Distal Symmetric Neuropathy: Too Many Useless Tests


A recent review shows that guidelines and testing for patients with distal symmetric polyneuropathy (DSP) can and should be improved.

A recent review shows that guidelines and testing for patients with distal symmetric polyneuropathy (DSP) can and should be improved. Brian C.Callaghan, MD, MS of the Department of Neurology at the University of Michigan in Ann Arbor, and colleagues reviewed recently published articles on distal symmetric polyneuropathy. Their conclusions appear in the Journal of American Medicine.

There are few studies on DSP, but those that do exist show that diabetes is the most frequent cause. Approximately 10-34% of people with type 1 diabetes develop the condition, and 8-25% of those will type 2 diabetes have it. Peripheral neuropathy “encompasses all disorders that result in injury to nerves within the peripheral nervous system” and DSP is one of the most common types. Patients with DSP “present with numbness, tingling, pain, or a combination of these that typically starts in their toes and slowly spreads proximally.”

In 2009, the American Academy of Neurology (ANN) suggested the most useful tests for people with peripheral neuropathy are “fasting glucose, vitamin B12, serum protein electrophoresis with immunofixation, and glucose tolerance tests.” However, many physicians routinely order “a large number of tests, with great variation in the type of tests ordered,” and even then, “the ANN-recommended tests are not often performed.”

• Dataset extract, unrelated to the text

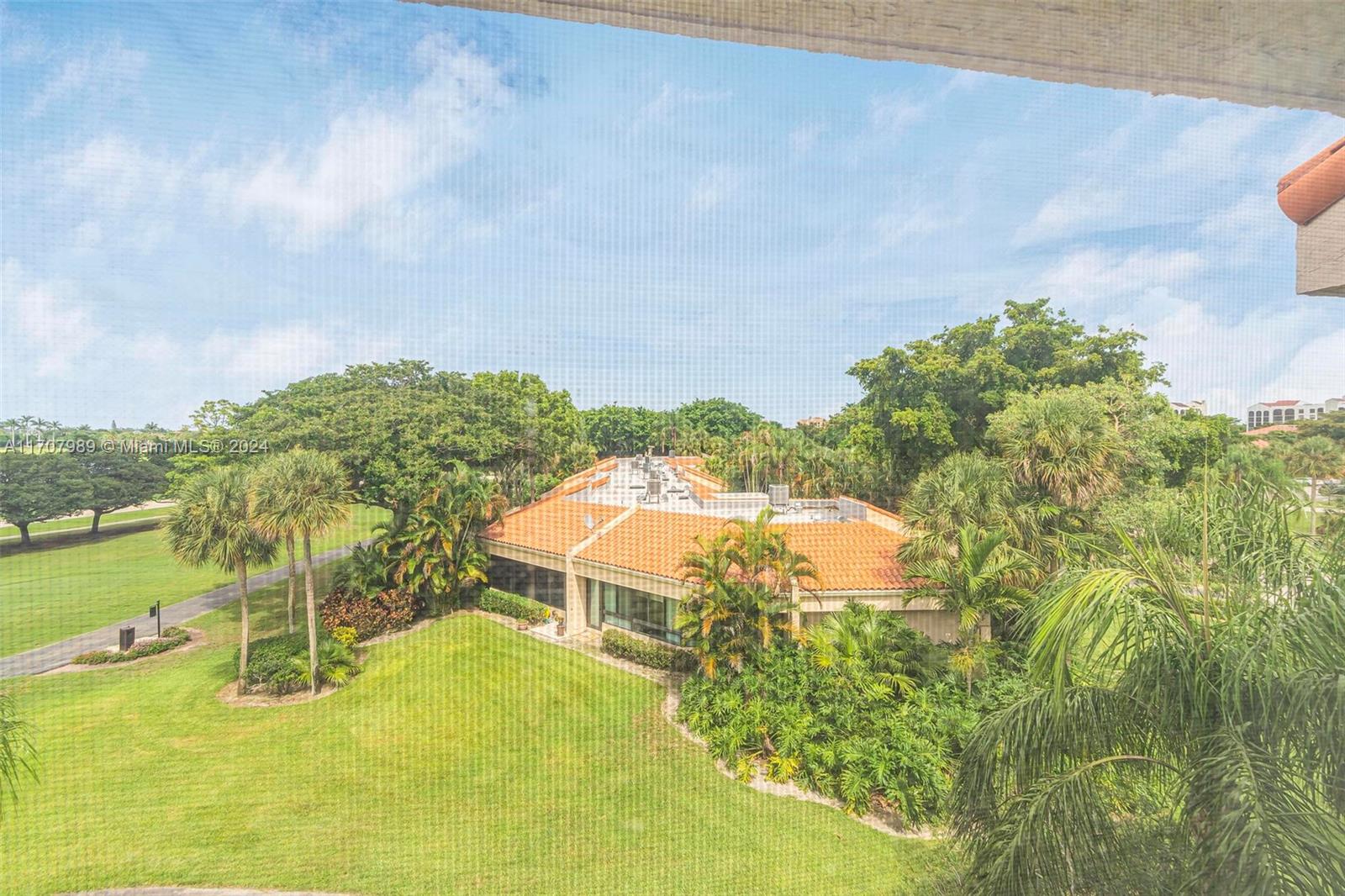 LAKES AT LA PAZ CONDO - Residential Lease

Magnetic resonance imaging (MRI) of the brain and spine, as well as electrodiagnostic tests are both expensive, and of limited value for patients with peripheral neuropathy. Although these tests are ordered for 80% of the people with the condition, they lead to a change in disease management in only 2 out of 458 cases.

Patients with DSP are too often not treated for pain. Three classes of pharmaceuticals have been shown to help manage neuropathic pain. The researchers suggest that physicians “start with a medication from 1 of these 3 classes based on patient comorbidities, potential adverse effects, and cost.” Glucose control is effective to prevent DSP associated with type 1 diabetes, but it is unknown if it is an appropriate therapy for those with type 2 diabetes-associated DSP.

The researchers conclude “Advances have been made regarding which diagnostic tests should be used for patients with DSP; however much work remains to be done.” Too often, too many expensive tests are ordered and patients are not being treated for pain. Further research is necessary to identify new, effective therapies.